Start of DATA PROVIDED

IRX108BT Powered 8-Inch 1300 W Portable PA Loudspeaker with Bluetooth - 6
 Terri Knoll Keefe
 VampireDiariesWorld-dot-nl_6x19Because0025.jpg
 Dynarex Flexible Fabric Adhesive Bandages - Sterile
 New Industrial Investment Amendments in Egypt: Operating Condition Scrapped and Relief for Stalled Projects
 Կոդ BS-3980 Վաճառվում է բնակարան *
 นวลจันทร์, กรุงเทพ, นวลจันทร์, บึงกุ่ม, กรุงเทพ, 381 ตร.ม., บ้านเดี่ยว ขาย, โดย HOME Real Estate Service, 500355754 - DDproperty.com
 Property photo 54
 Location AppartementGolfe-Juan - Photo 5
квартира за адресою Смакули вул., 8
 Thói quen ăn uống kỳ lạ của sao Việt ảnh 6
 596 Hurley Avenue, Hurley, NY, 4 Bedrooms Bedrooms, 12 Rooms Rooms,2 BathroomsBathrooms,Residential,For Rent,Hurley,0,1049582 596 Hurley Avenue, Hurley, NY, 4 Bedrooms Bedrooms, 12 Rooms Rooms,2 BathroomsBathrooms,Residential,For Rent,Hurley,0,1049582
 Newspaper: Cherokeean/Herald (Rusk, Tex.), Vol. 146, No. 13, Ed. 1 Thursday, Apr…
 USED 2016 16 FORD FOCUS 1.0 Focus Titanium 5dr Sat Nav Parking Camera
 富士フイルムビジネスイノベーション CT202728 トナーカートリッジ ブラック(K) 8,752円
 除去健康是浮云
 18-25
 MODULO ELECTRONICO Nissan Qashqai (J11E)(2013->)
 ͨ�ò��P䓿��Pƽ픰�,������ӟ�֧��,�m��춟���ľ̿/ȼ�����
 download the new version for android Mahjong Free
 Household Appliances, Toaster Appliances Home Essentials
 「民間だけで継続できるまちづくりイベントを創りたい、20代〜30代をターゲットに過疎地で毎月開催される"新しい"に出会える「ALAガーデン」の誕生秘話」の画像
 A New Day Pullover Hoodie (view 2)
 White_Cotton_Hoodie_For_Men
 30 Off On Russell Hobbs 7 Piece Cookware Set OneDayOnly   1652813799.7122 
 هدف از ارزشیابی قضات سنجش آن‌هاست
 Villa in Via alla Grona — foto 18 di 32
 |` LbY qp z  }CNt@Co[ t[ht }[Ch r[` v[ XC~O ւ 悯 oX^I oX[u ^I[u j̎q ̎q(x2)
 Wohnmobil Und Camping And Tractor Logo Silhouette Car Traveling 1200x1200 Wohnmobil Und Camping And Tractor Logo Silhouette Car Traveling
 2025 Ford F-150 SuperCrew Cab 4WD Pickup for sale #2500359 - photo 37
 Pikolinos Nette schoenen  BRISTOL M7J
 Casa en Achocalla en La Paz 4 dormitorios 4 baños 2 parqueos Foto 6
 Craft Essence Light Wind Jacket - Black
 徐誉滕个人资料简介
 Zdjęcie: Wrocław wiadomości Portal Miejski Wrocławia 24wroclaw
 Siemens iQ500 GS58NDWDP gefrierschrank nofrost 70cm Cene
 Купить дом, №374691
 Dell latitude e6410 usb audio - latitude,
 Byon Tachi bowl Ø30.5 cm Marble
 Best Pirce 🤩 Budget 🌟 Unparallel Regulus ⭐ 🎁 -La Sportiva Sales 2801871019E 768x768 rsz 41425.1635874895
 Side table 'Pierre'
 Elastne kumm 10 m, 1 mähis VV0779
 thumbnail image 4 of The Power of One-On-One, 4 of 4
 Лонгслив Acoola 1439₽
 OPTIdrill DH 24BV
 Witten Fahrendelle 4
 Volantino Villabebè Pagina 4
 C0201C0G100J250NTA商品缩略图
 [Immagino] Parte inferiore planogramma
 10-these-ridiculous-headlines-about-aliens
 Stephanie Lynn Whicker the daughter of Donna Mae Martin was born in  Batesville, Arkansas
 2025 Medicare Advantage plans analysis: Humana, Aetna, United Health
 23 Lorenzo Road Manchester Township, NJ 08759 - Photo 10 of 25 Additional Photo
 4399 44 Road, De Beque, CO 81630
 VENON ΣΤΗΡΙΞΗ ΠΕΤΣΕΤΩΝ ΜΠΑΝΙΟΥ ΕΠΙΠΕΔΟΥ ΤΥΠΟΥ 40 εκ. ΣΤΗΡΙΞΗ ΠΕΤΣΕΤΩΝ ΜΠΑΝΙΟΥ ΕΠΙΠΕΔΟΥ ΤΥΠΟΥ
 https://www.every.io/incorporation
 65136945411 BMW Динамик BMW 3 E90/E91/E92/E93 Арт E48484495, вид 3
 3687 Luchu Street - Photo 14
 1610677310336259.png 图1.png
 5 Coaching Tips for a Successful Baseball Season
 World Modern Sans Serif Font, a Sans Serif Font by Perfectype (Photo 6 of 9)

End of DATA PROVIDED

_REQUIRED WORK_: Filter the lines above, keeping and copying those that contain "Road".

_EXERCISE OUTPUT_:
 23 Lorenzo Road Manchester Township, NJ 08759 - Photo 10 of 25 Additional Photo
 4399 44 Road, De Beque, CO 81630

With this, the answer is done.